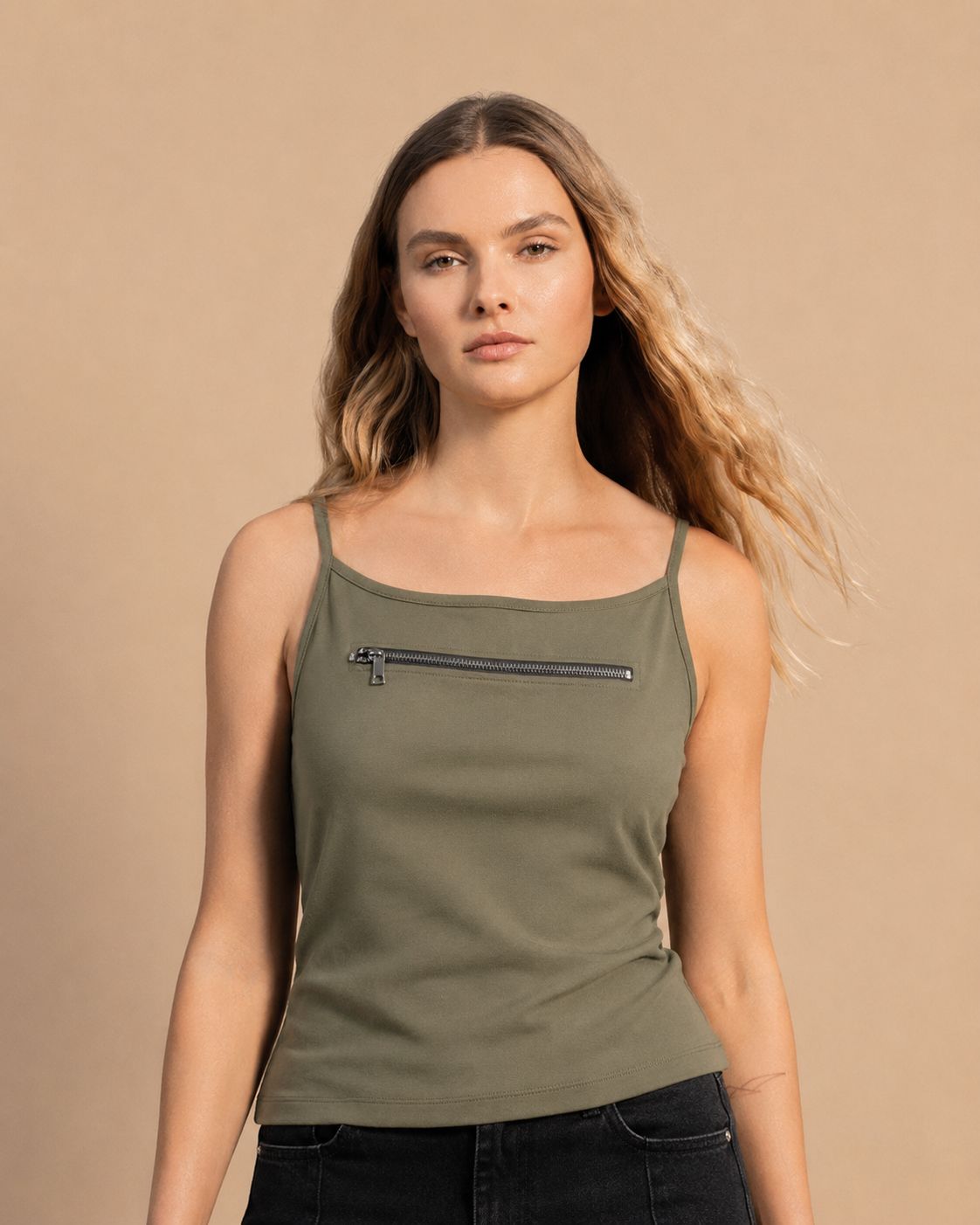 SOLA Zip-Front Cami Top - Cotton Single Lycra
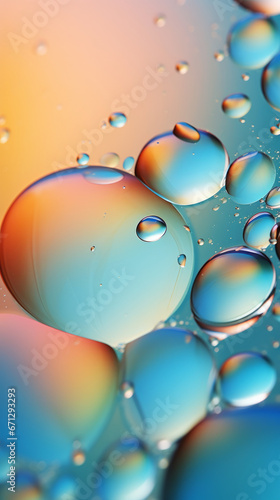 A close up of water droplets on a colorful surface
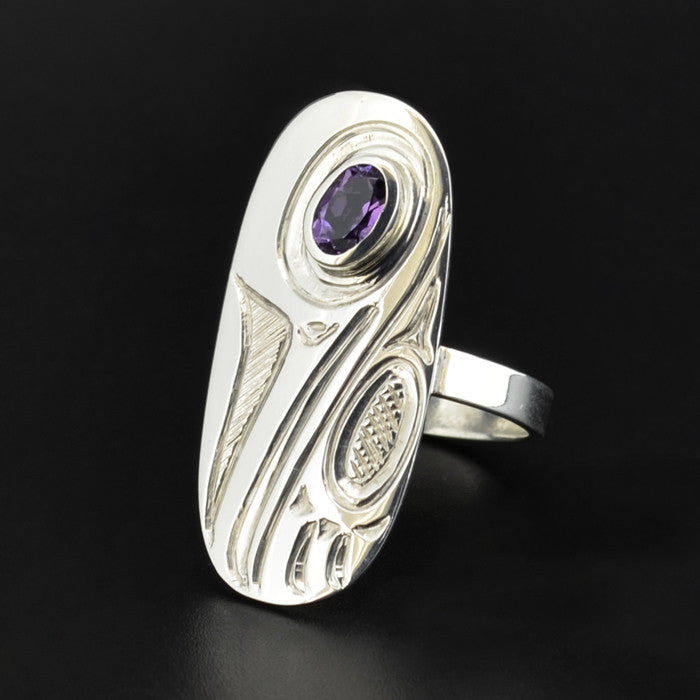 Hummingbird - Silver Ring with Amethyst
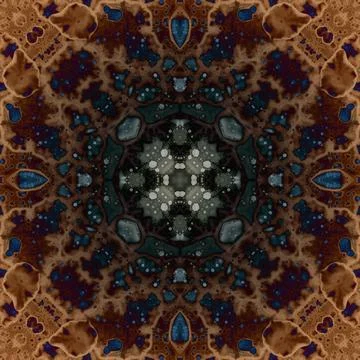 Seamless abstract square pattern. Alcohol ink in modern art. Mandala Stock Illustration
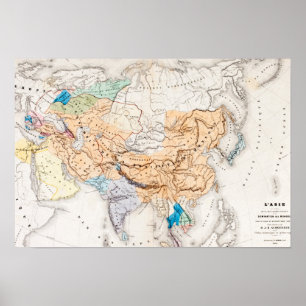 Map of Asia Time of Kublai Khan Poster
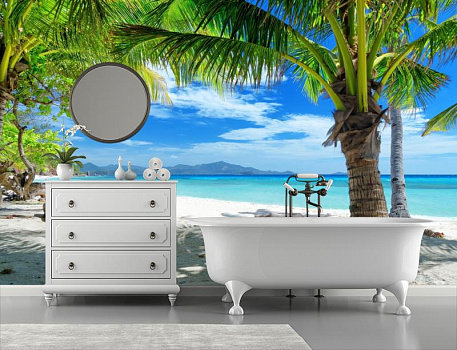 Белый пляж в интерьере ванной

------------

◆ WORK INSTRUCTIONS ◆
Restate the material above word for word, dropping the pictures.

◆ RESPONSE TO THE EXERCISE ◆
 SOLA Zip-Front Cami Top - Cotton Single Lycra
 A close up of water droplets on a colorful surface
 Hummingbird - Silver Ring with Amethyst
 Seamless abstract square pattern. Alcohol ink in modern art. Mandala Stock Illustration
 Map of Asia Time of Kublai Khan Poster
 Белый пляж в интерьере ванной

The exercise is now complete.